A look into the 'bottom rung' of our society
Asha, a resident of an illegal colony of sanitation workers in Ahmedabad, sits down with her two children to talk about her life. Her job is to take care of her entire family, cook food, keep the house tidy and then after completing a list of exhausting activities — sort the waste that her husband and mother-in-law bring in after a day of grueling work.
The colony Asha lives in consists of around 100 people who do the same job: collect waste from streets, sort it into categories and then sell it. They set out everyday with a garbage bag and pick up all the waste that they can spot and carry. The challenges in their way are endless — the bags get too heavy to carry and force them to return home, the working conditions get extremely mucky and unhygienic during the monsoon and they are constantly at risk of heatstroke during the excruciatingly hot Indian summers.
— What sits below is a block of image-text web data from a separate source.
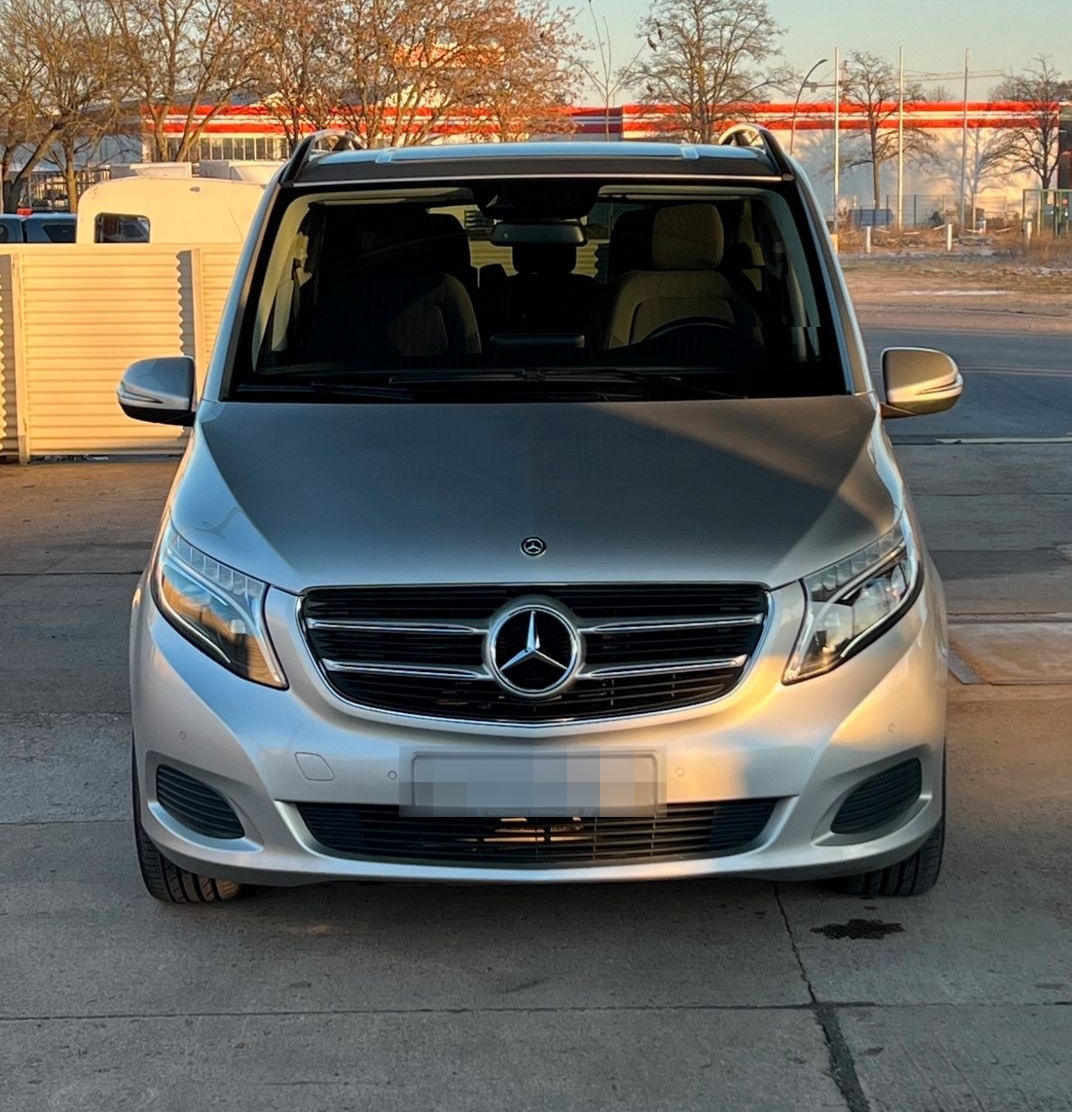 Mercedes-Benz V 250 d EDIT. LANG SPORTPAKET COMAND WEBASTO AHK foto 2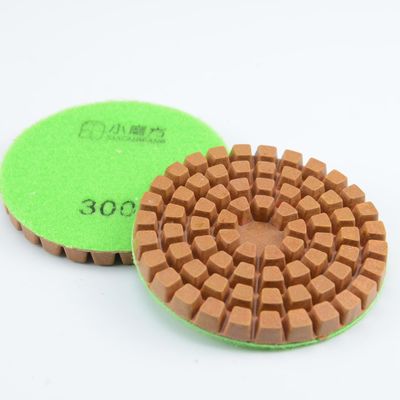 XINRUI-PAD Diamantenpoetsblokjes 50-3000 Grit voor nat/droog slijpen/poelen van beton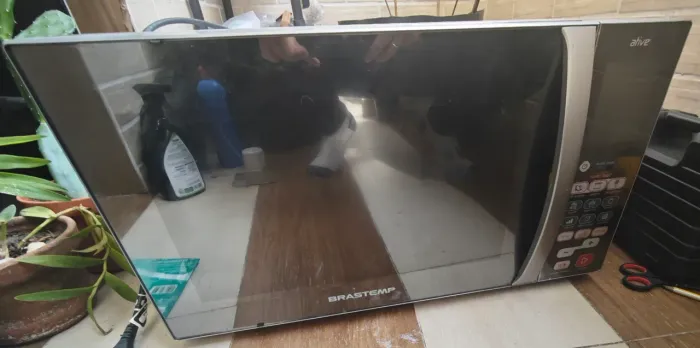 Microondas brastemp ativ 38L - concerto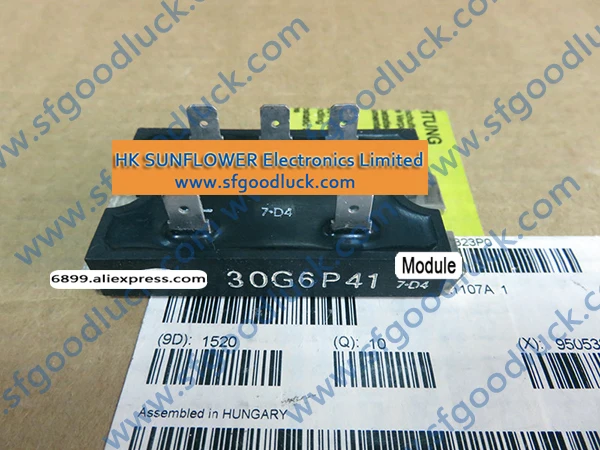 30G6P41 Three Phase Bridge Rectifier 600V 30A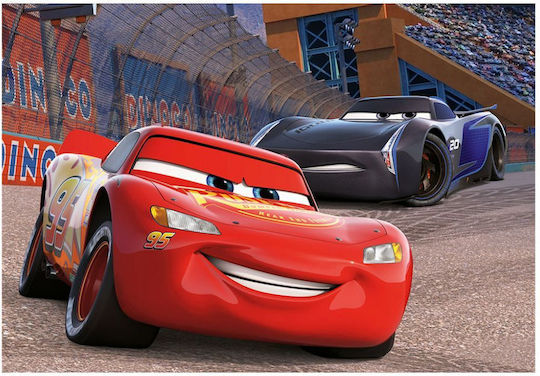 Παιδικό Puzzle Cars 3 για 5+ Ετών 77pcs Dino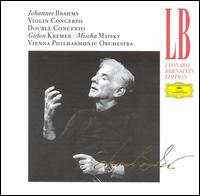 Johannes Brahms: Violin Concerto; Double Concerto - Gidon Kremer (violin); Mischa Maisky (cello); Leonard Bernstein (conductor)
They do not work under a contract or a payroll, usually only working to bring in the amount of money they need that day. All of the surveyed workers said they buy the garbage bags and other equipment themselves, and have to learn how to do their work through a family member.
The companies they sell the waste to — especially the plastic recycling companies — often rip them off by paying much less than the real value of the waste. The price fluctuates enough that this goes unnoticed by the government, but not the workers. They know, but they are helpless. It doesn’t help that these people are so under the radar that the ruling government doesn’t acknowledge them even during election season — a tactic all political parties are notoriously known for practicing.
On being asked whether she wants to do something else, Asha says that she has no wish to even leave her house at times, let alone learning a new skill and then implementing it in another job. This reluctance to change their lifestyle and learn new skills is a recurrent theme in the answers of the other surveyed workers. They would rather have been born in some other profession than changing it now. With the hopelessness flavored air that they breathe, is their complacency really something we can blame?